* [Materials provided]:
......

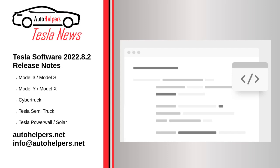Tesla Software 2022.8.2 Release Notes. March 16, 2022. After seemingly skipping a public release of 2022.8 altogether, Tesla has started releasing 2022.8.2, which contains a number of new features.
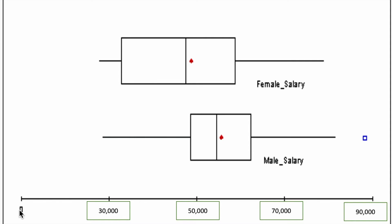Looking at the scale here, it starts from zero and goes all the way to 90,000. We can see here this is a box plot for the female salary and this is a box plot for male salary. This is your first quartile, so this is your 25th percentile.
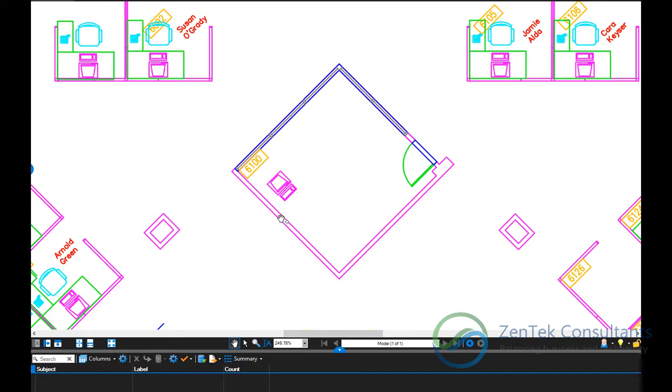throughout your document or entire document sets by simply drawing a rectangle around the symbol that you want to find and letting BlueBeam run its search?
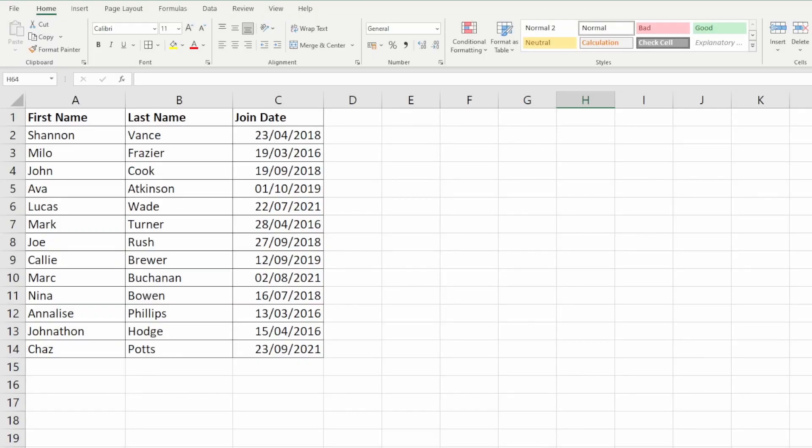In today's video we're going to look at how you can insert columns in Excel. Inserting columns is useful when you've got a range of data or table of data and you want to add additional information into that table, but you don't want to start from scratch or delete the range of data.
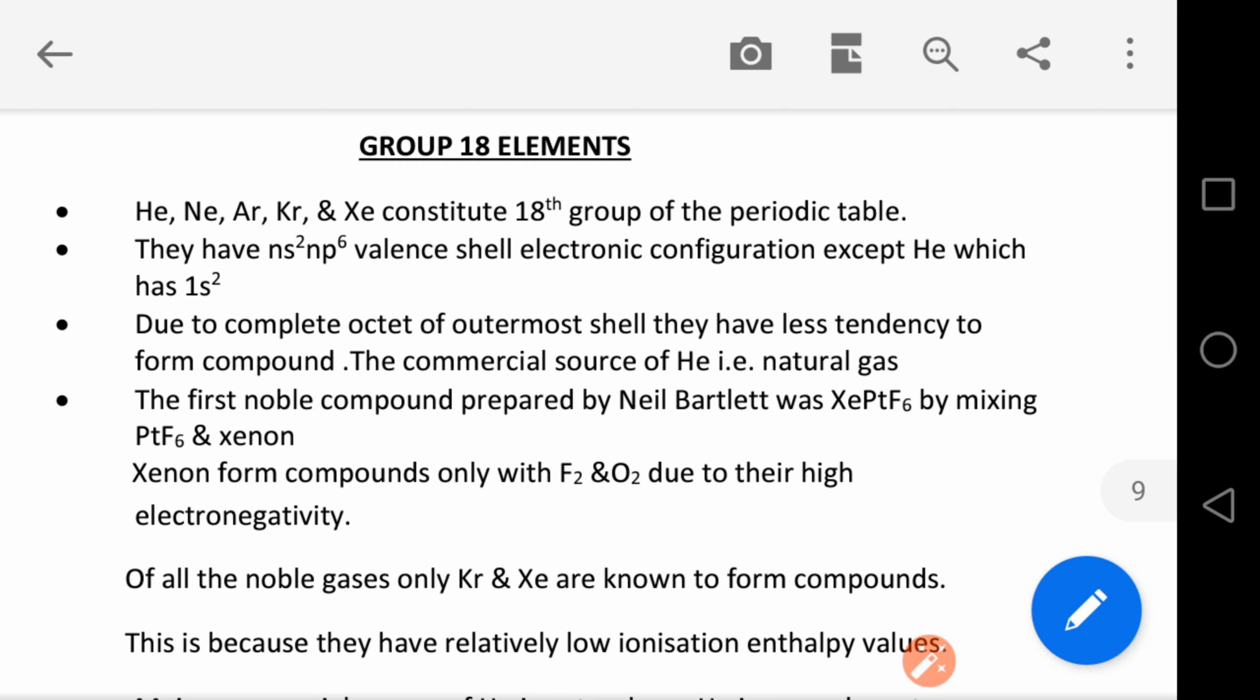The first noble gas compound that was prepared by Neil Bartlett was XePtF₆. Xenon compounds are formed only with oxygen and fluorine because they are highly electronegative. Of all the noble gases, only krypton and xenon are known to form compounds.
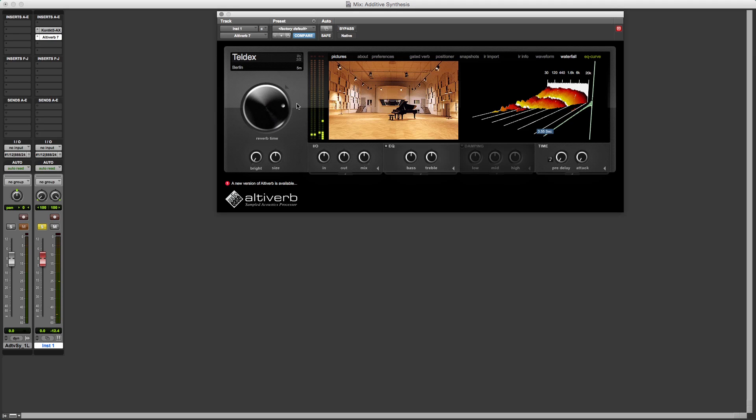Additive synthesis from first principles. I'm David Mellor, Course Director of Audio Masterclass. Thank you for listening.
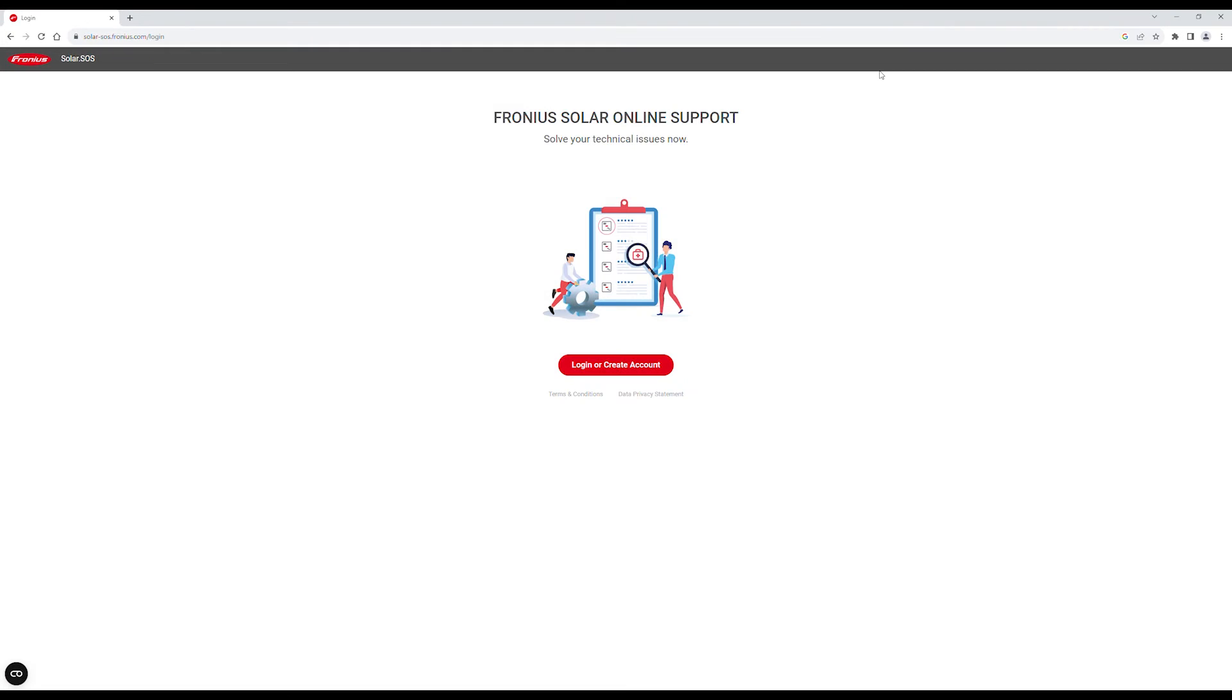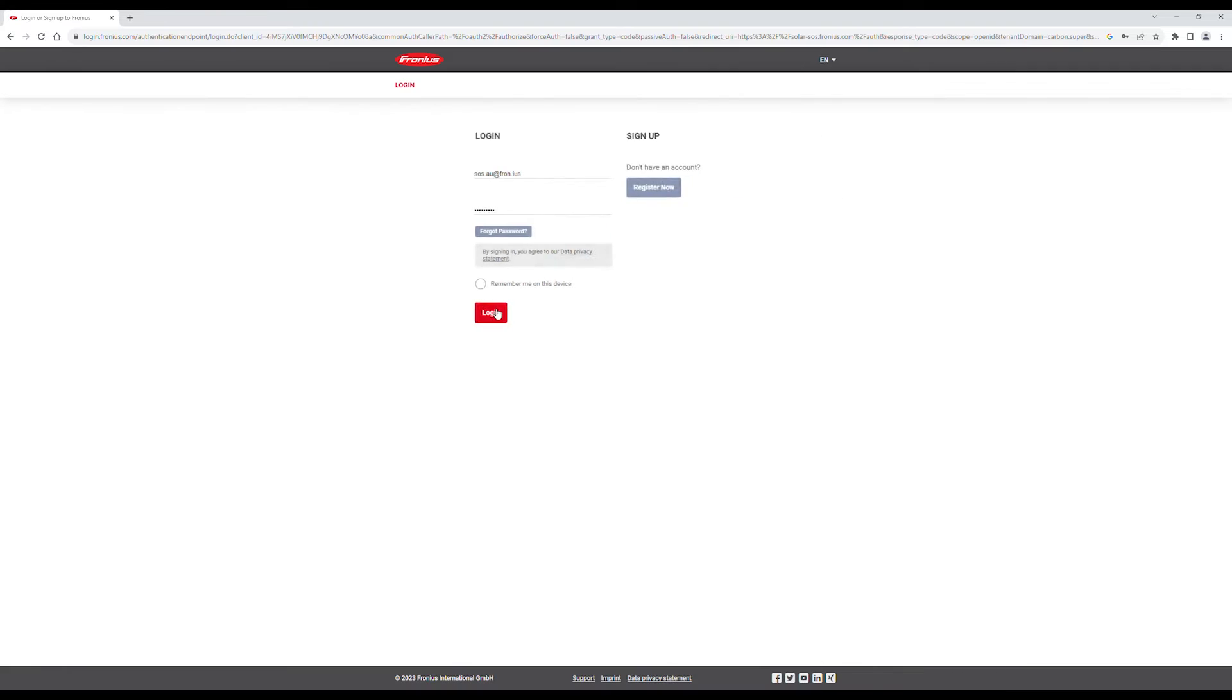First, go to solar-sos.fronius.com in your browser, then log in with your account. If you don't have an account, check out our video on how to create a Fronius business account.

......

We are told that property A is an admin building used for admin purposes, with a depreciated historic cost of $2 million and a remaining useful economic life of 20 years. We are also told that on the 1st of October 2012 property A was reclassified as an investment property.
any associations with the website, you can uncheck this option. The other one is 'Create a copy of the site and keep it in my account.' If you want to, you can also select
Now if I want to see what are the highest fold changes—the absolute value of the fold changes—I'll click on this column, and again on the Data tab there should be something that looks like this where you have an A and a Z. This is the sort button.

......

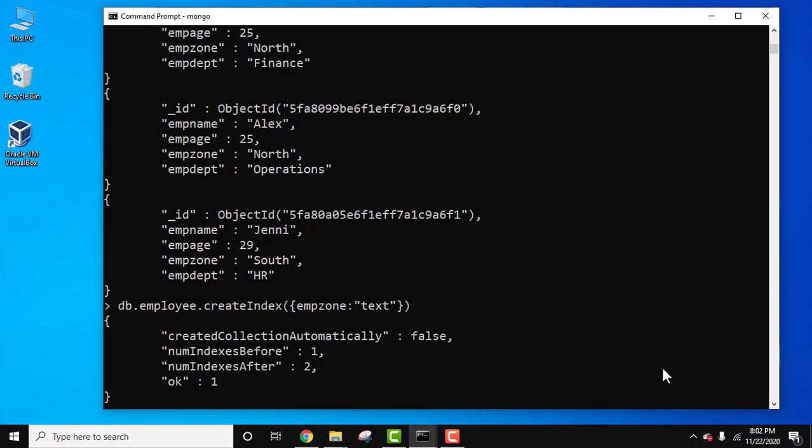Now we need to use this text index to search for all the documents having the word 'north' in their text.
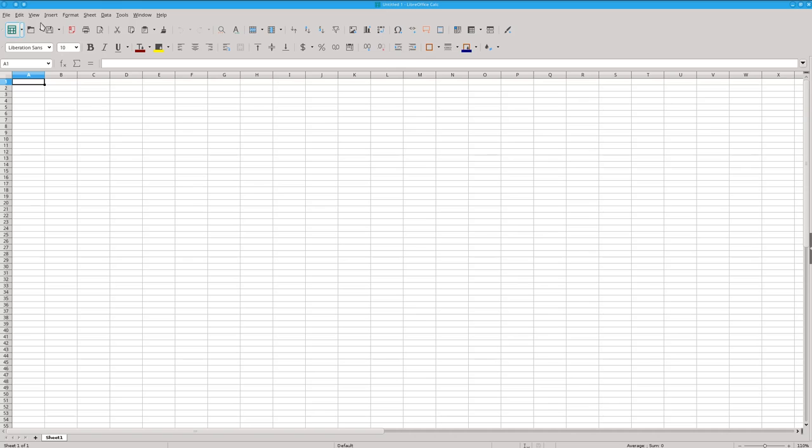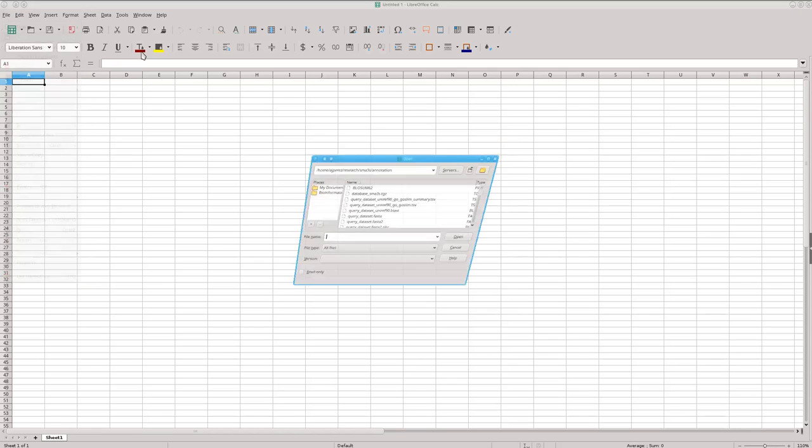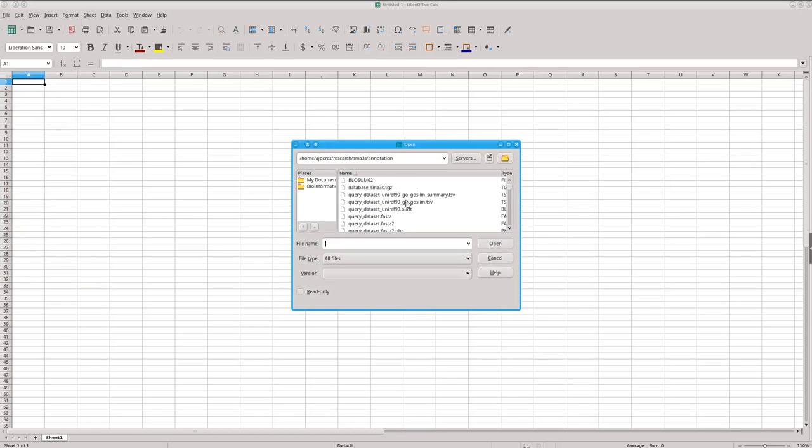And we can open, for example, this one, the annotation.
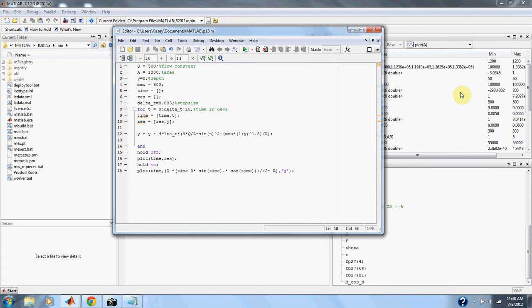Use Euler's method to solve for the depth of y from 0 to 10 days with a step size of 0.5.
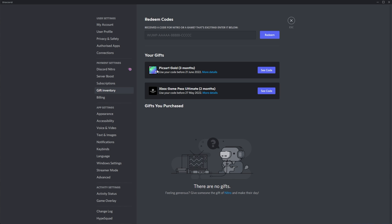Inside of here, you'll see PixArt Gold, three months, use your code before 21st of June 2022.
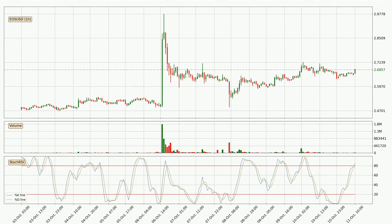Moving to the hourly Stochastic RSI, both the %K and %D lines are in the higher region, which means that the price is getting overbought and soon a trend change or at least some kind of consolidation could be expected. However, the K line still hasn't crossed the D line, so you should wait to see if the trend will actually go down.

......

* [What the task asks]:
Scan the records for lines that hold "also", and reproduce each one you find.

* [Your solution]:
We are told that property A is an admin building used for admin purposes, with a depreciated historic cost of $2 million and a remaining useful economic life of 20 years. We are also told that on the 1st of October 2012 property A was reclassified as an investment property.
any associations with the website, you can uncheck this option. The other one is 'Create a copy of the site and keep it in my account.' If you want to, you can also select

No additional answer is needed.